## [Input data]
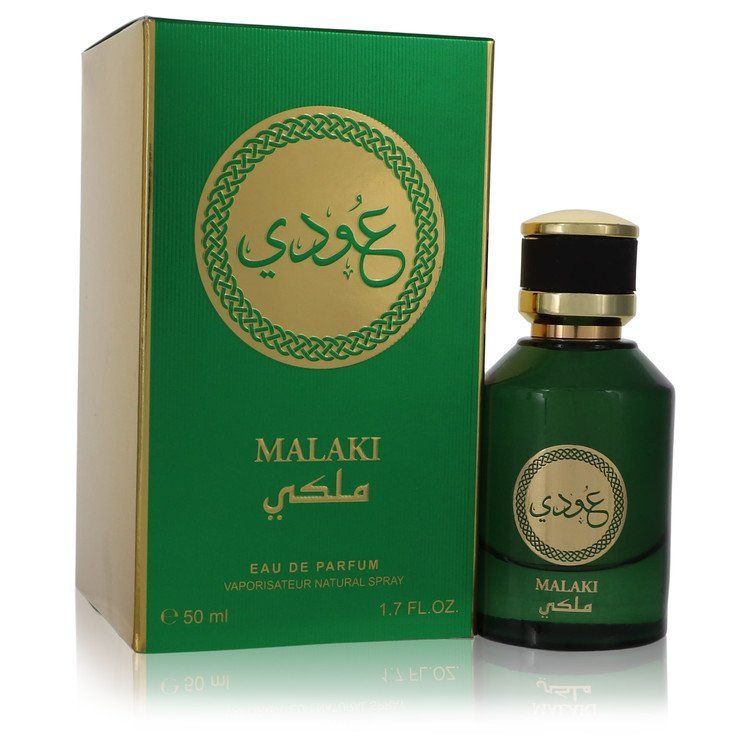 Rihanah Malaki by Rihanah Eau De Parfum Spray (Unisex)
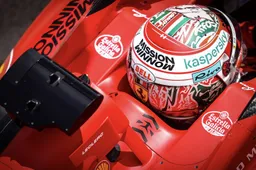 Leclerc foresees "difficult" race: "We miss speed".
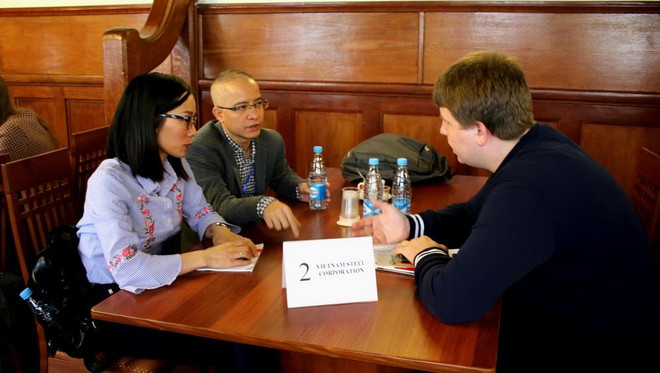 Doanh nghiệp Việt Nam mở rộng thị trường tại Liên bang Nga ảnh 3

## [What to work on]
The result should be every line of the data, reproduced exactly, with the images removed.

## [Output below]
 Rihanah Malaki by Rihanah Eau De Parfum Spray (Unisex)
 Leclerc foresees "difficult" race: "We miss speed".
 Doanh nghiệp Việt Nam mở rộng thị trường tại Liên bang Nga ảnh 3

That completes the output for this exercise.